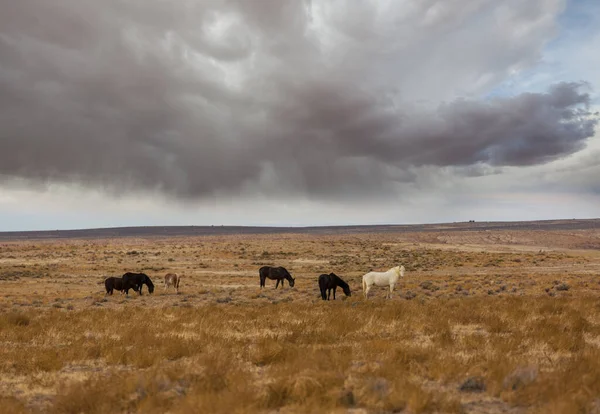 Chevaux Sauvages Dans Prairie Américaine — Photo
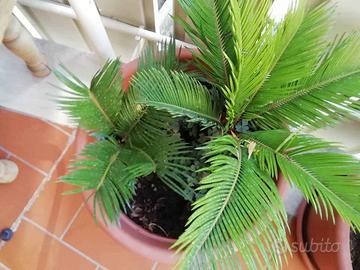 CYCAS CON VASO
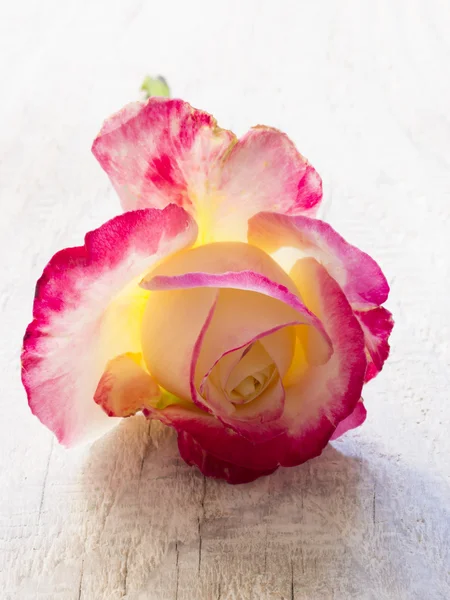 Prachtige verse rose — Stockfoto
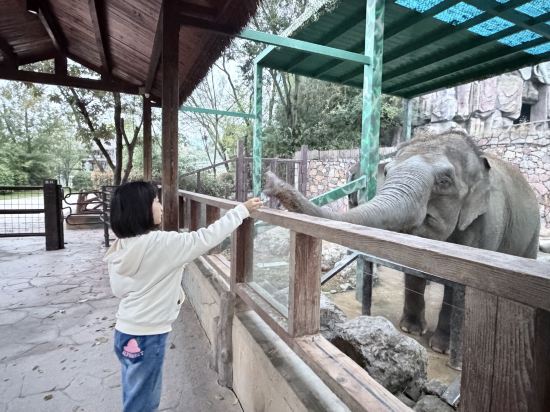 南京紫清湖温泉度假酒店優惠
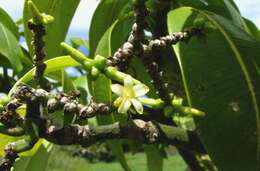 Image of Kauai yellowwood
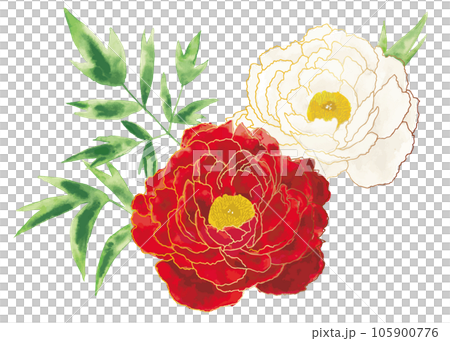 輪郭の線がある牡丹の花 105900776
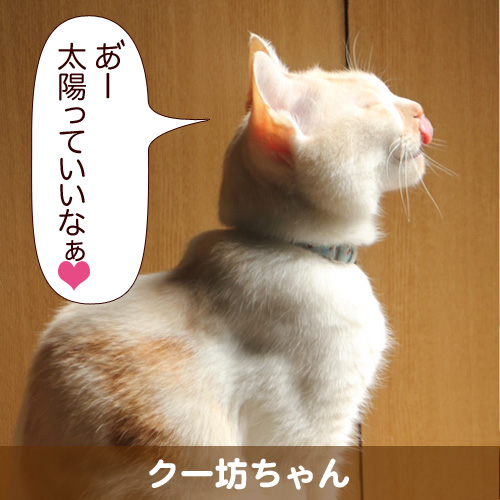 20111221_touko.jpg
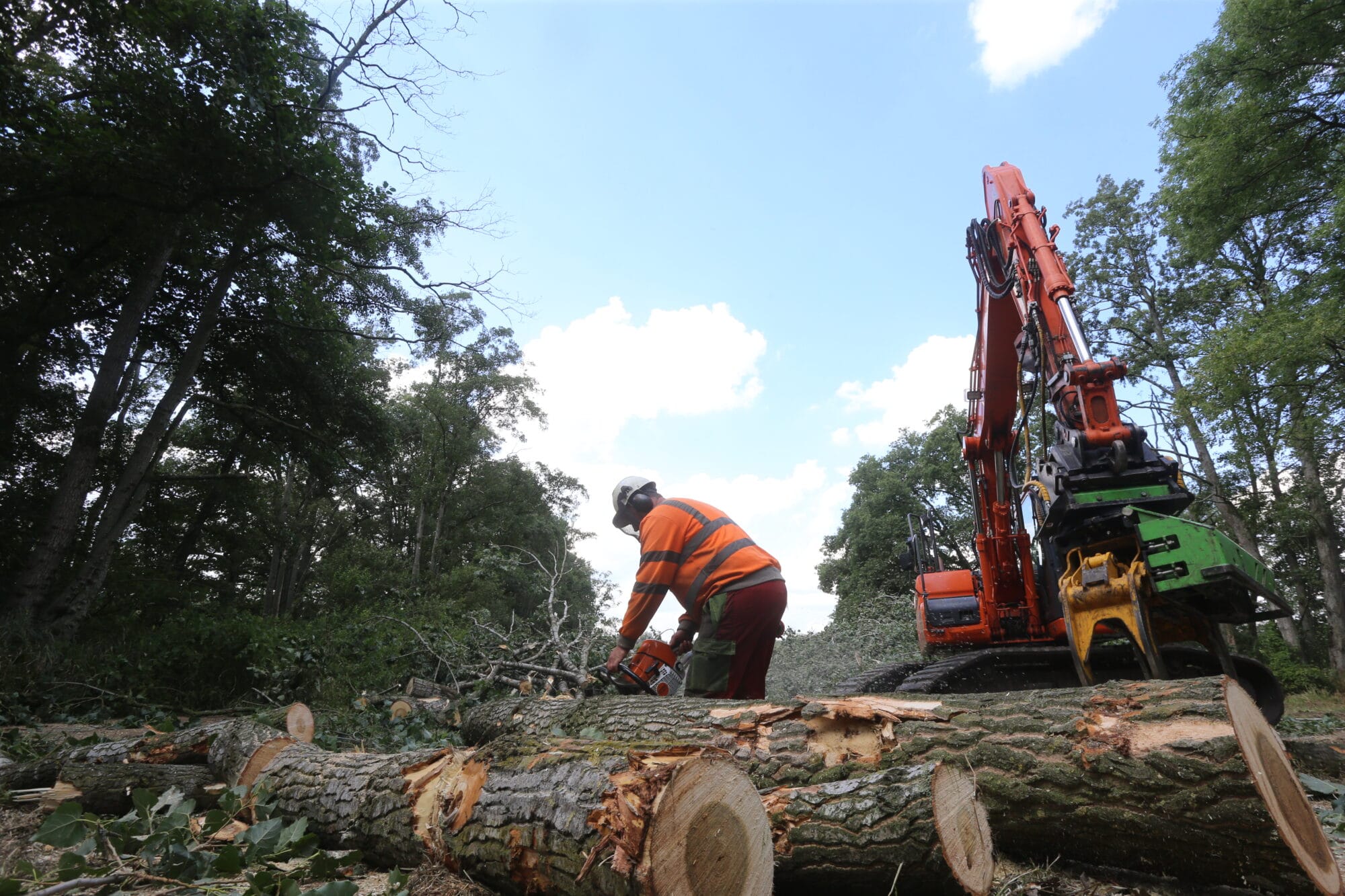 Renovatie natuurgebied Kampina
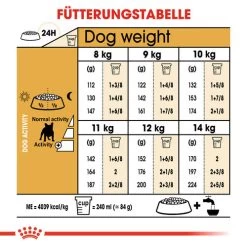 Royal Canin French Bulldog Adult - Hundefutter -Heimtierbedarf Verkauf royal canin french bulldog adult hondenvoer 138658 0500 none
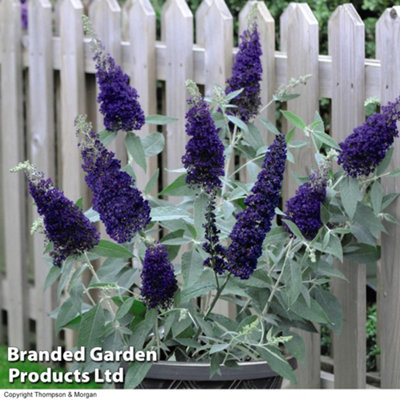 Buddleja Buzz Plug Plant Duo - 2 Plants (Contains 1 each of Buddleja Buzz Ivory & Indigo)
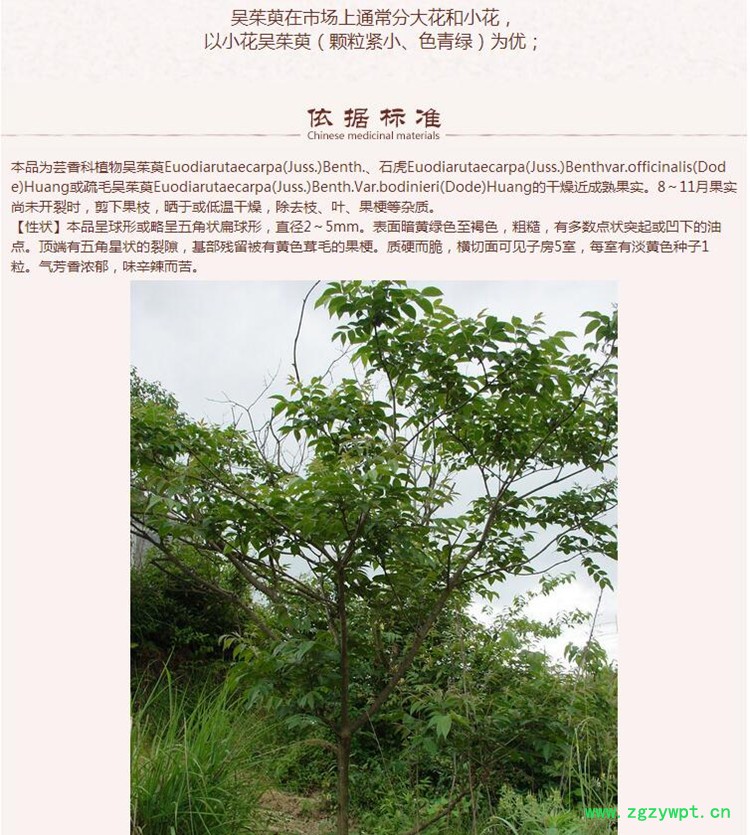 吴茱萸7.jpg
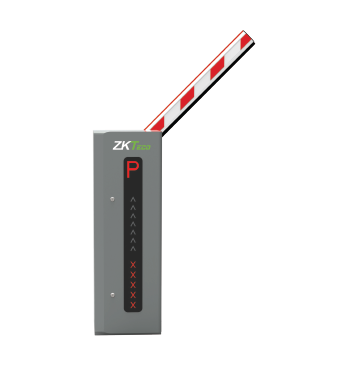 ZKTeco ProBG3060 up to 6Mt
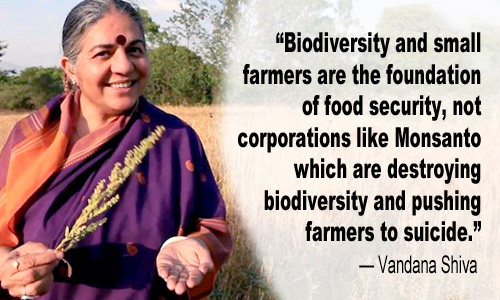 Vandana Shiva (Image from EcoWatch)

Directions: Could you set down every entry above exactly as it stands, with no images?

Result for this task:
 Chevaux Sauvages Dans Prairie Américaine — Photo
 CYCAS CON VASO
 Prachtige verse rose — Stockfoto
 南京紫清湖温泉度假酒店優惠
 Image of Kauai yellowwood
 輪郭の線がある牡丹の花 105900776
 20111221_touko.jpg
 Renovatie natuurgebied Kampina
 Royal Canin French Bulldog Adult - Hundefutter -Heimtierbedarf Verkauf royal canin french bulldog adult hondenvoer 138658 0500 none
 Buddleja Buzz Plug Plant Duo - 2 Plants (Contains 1 each of Buddleja Buzz Ivory & Indigo)
 吴茱萸7.jpg
 ZKTeco ProBG3060 up to 6Mt
 Vandana Shiva (Image from EcoWatch)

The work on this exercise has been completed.